══ Listed records ══

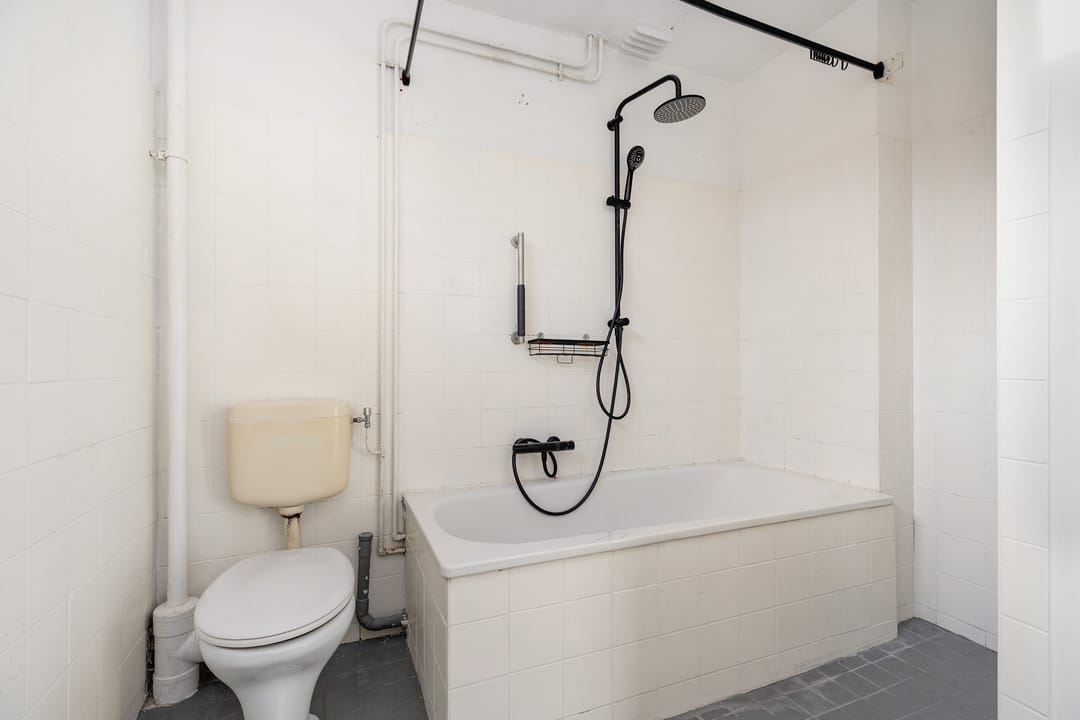 Photo 17 of Bongweg 20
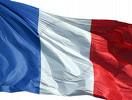 francebanniere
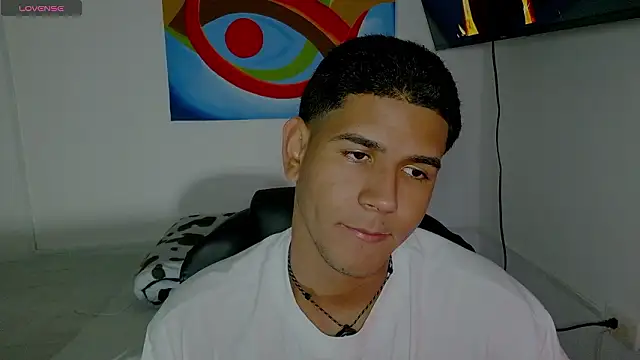 juanacock 1 online show from March 2026 03:01:01 AM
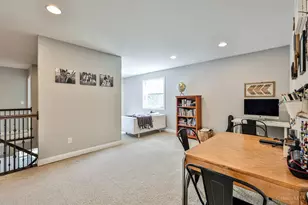 1212 Arapaho Dr, Union Township, OH 45152 - Photo 39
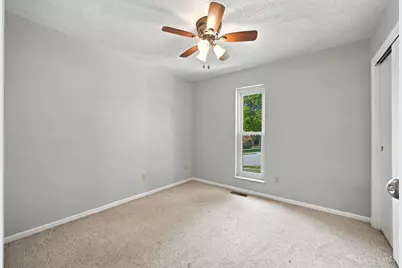 5894 Red Oak Drive, Fairfield, OH 45014 - Photo 20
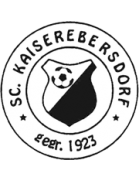 SC Kaiserebersdorf
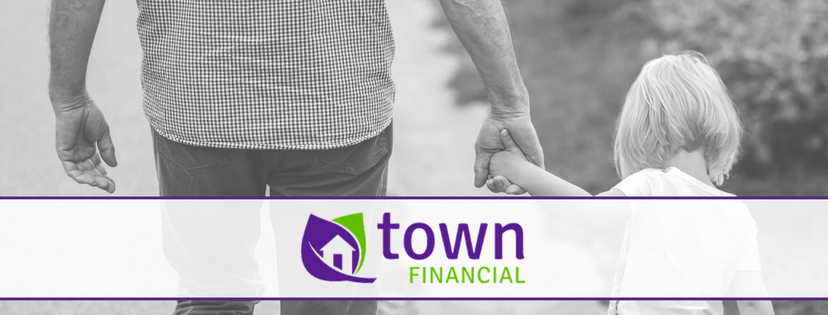 Town Financial | Life Insurance - Mortgages | 20 Bennett St Suite 202, Carleton Place, ON K7C 4J9, Canada | Phone: (613) 714-9499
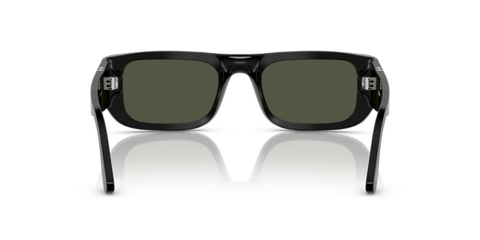 Black - 0PO3362S 8056262229200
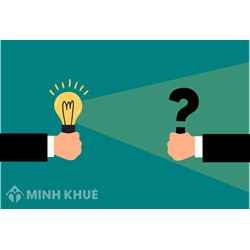 Quy định về thời gian đăng tải kế hoạch lựa chọn nhà thầu, thông báo mời quan tâm lên mạng đấu thầu quốc gia ?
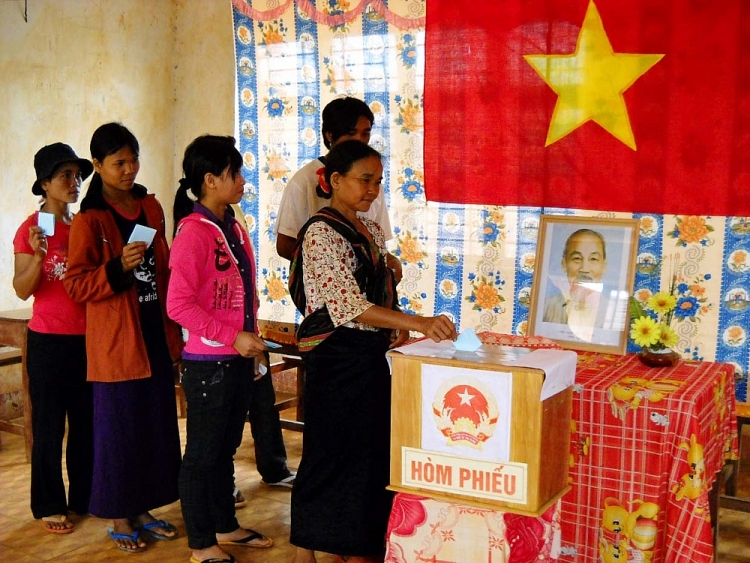 Ảnh minh họa Ảnh minh họa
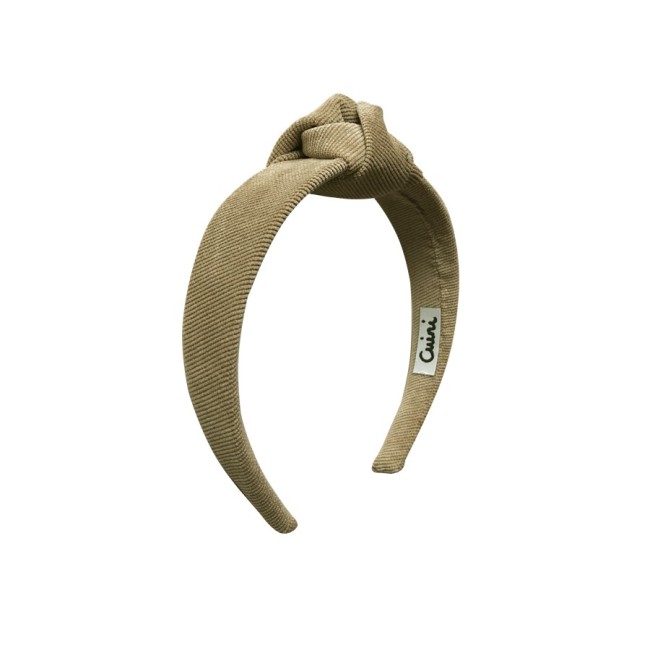 Diadema Nudo Micropana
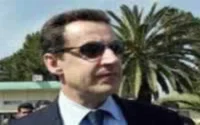 Le Maghreb dans la présidentielle française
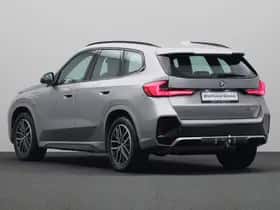BMW X1 (2025) thumbnail 13
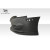2000-2005 Mitsubishi Eclipse I-Spec Front Bumper - 1 Piece - image 5
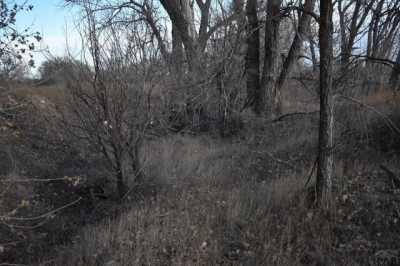 Residential Land For Sale in Rocky Ford, Colorado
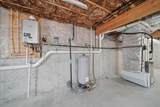 10B Oakland Ridge Road - Photo 35
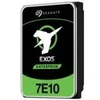 SEAGATE Exos 7E10 8TB HDD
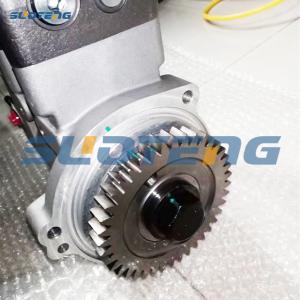 511-7975 5117975 Fuel Injection Pump Diesel Pump For Engine C9.3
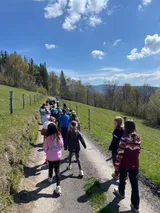 Hradek 3den (56)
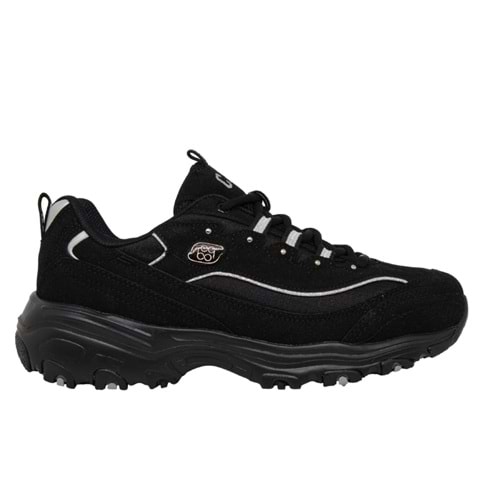 Z- CAP SPOR - 2140 - CİLT / SİYAH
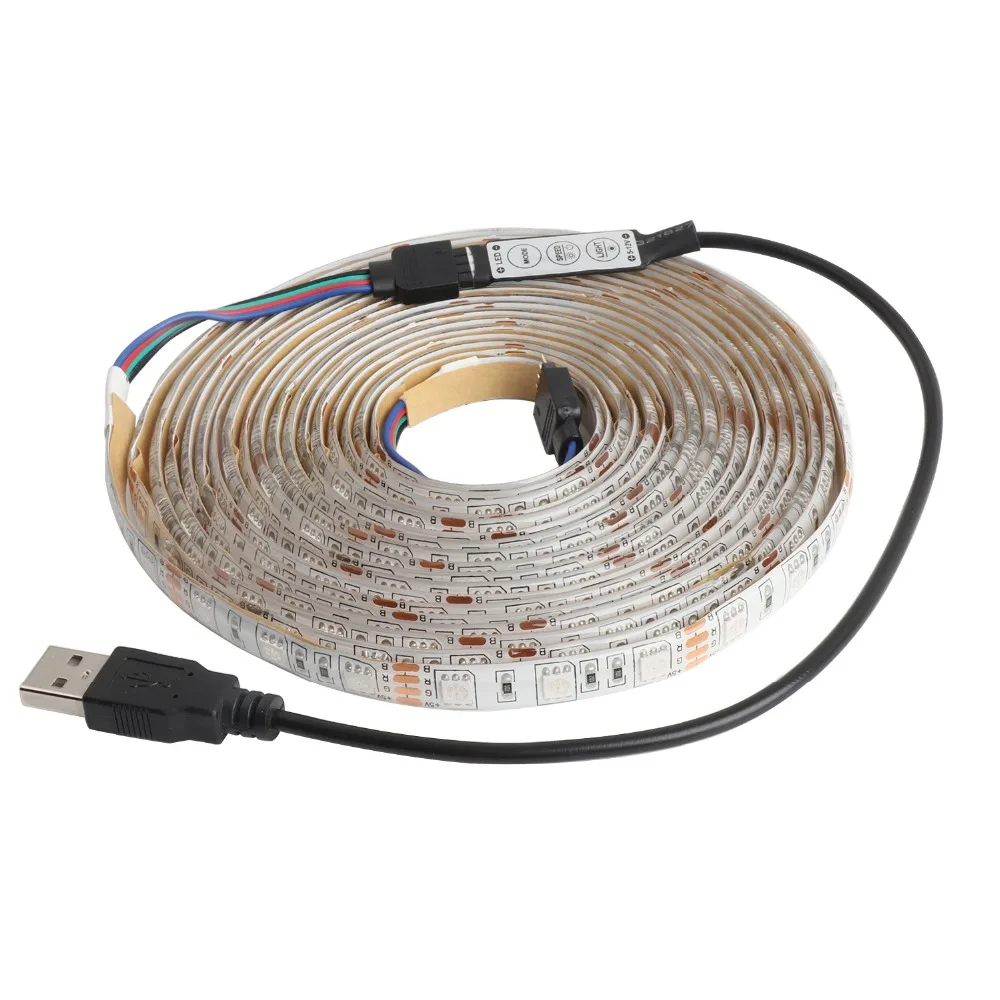 LL538-RGB (3)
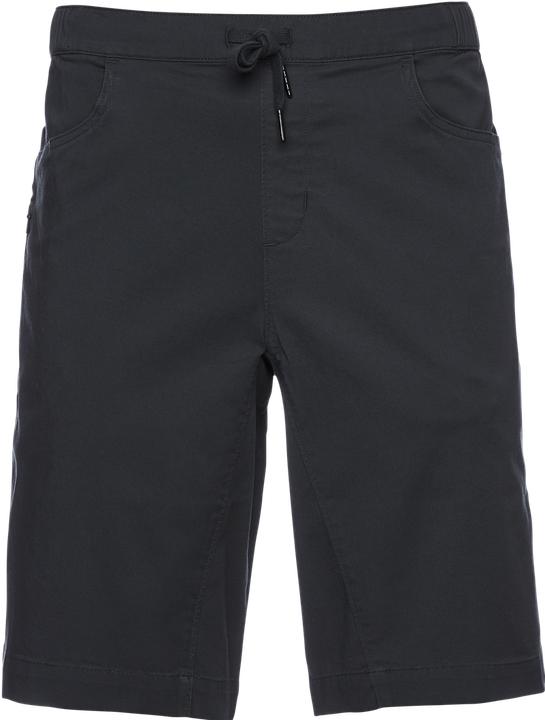 Actual product image Black Diamond Notion Shorts (S)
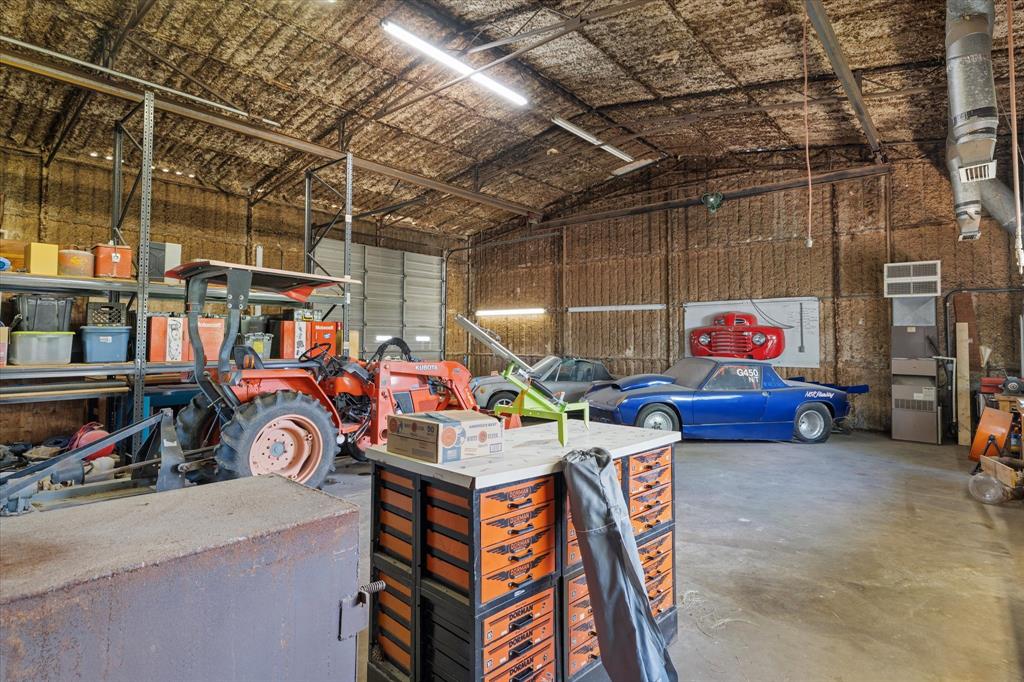 REAST ROAD ESTATES - Residential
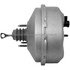 B1042 by MPA ELECTRICAL - Remanufactured Vacuum Power Brake Booster (Domestic)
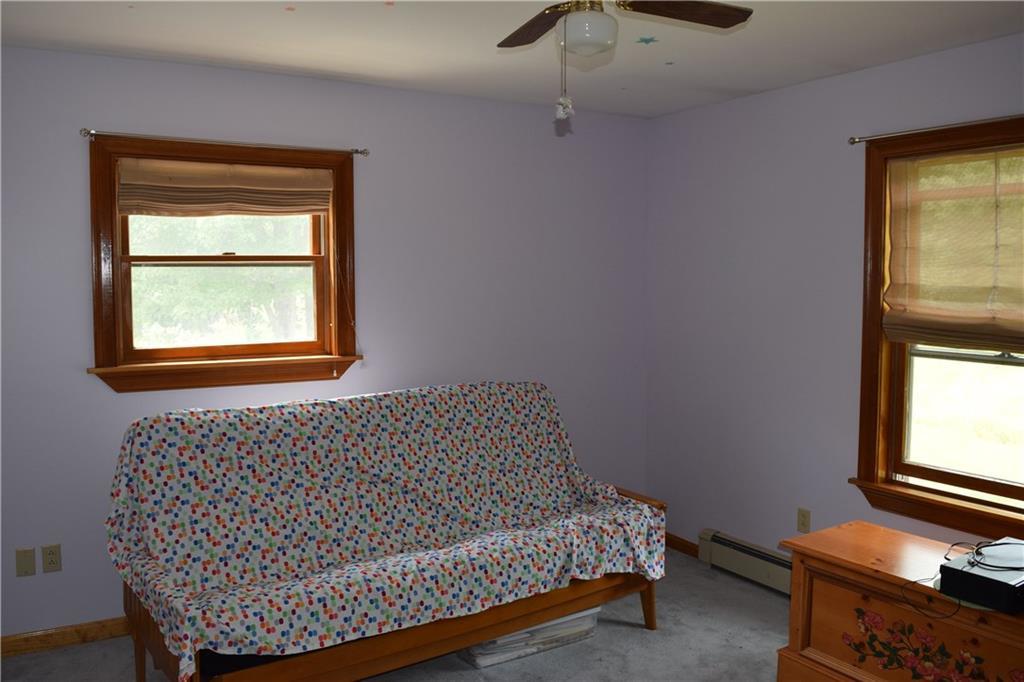 31 Lane Road Hebron, ME 04238 - Photo 19 of 29 Photo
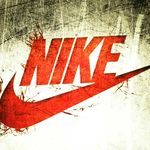 Profile Picture of Tim stuber (@tim_xcvx5) on Instagram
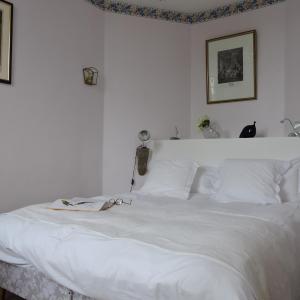 Family Suite (5 People)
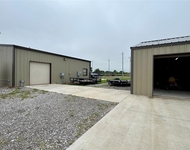 Unit for rent at 404 W Pikes Peak Road, Chickasha, OK, 73018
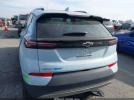 Chevrolet Bolt Fwd Lt Image 13
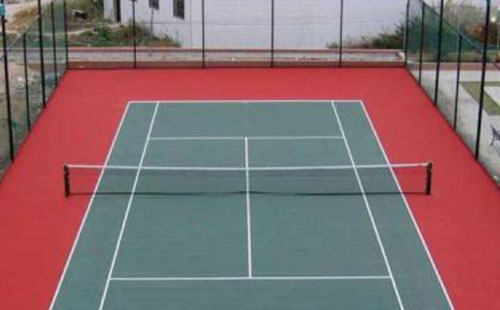 敦煌改性丙烯酸面漆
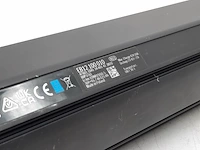 Fietsaccu, bosch, powertube 625 eb12 100 010 - afbeelding 7 van  8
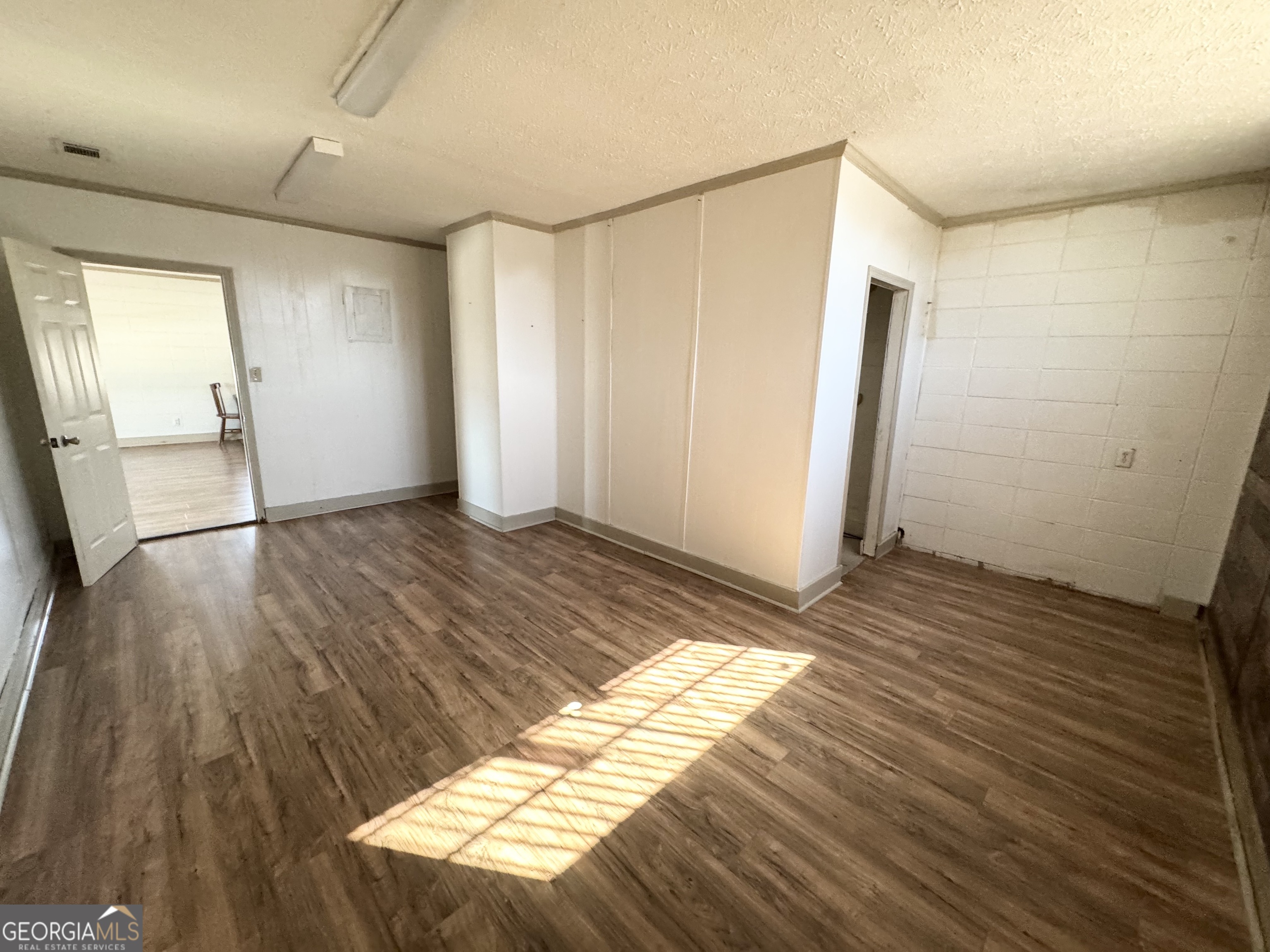 2384 Highway 80 Dublin, GA 31021 - Photo 7 of 8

═══

Write out the data precisely as given, excluding the pictures.

### Reply to the task
 Photo 17 of Bongweg 20
 francebanniere
 juanacock 1 online show from March 2026 03:01:01 AM
 1212 Arapaho Dr, Union Township, OH 45152 - Photo 39
 5894 Red Oak Drive, Fairfield, OH 45014 - Photo 20
 SC Kaiserebersdorf
 Town Financial | Life Insurance - Mortgages | 20 Bennett St Suite 202, Carleton Place, ON K7C 4J9, Canada | Phone: (613) 714-9499
 Black - 0PO3362S 8056262229200
 Quy định về thời gian đăng tải kế hoạch lựa chọn nhà thầu, thông báo mời quan tâm lên mạng đấu thầu quốc gia ?
 Ảnh minh họa Ảnh minh họa
 Diadema Nudo Micropana
 Le Maghreb dans la présidentielle française
BMW X1 (2025) thumbnail 13
2000-2005 Mitsubishi Eclipse I-Spec Front Bumper - 1 Piece - image 5
 Residential Land For Sale in Rocky Ford, Colorado
 10B Oakland Ridge Road - Photo 35
 SEAGATE Exos 7E10 8TB HDD
 511-7975 5117975 Fuel Injection Pump Diesel Pump For Engine C9.3
 Hradek 3den (56)
 Z- CAP SPOR - 2140 - CİLT / SİYAH
 LL538-RGB (3)
 Actual product image Black Diamond Notion Shorts (S)
 REAST ROAD ESTATES - Residential
 B1042 by MPA ELECTRICAL - Remanufactured Vacuum Power Brake Booster (Domestic)
 31 Lane Road Hebron, ME 04238 - Photo 19 of 29 Photo
 Profile Picture of Tim stuber (@tim_xcvx5) on Instagram
 Family Suite (5 People)
 Unit for rent at 404 W Pikes Peak Road, Chickasha, OK, 73018
 Chevrolet Bolt Fwd Lt Image 13
 敦煌改性丙烯酸面漆
 Fietsaccu, bosch, powertube 625 eb12 100 010 - afbeelding 7 van  8
 2384 Highway 80 Dublin, GA 31021 - Photo 7 of 8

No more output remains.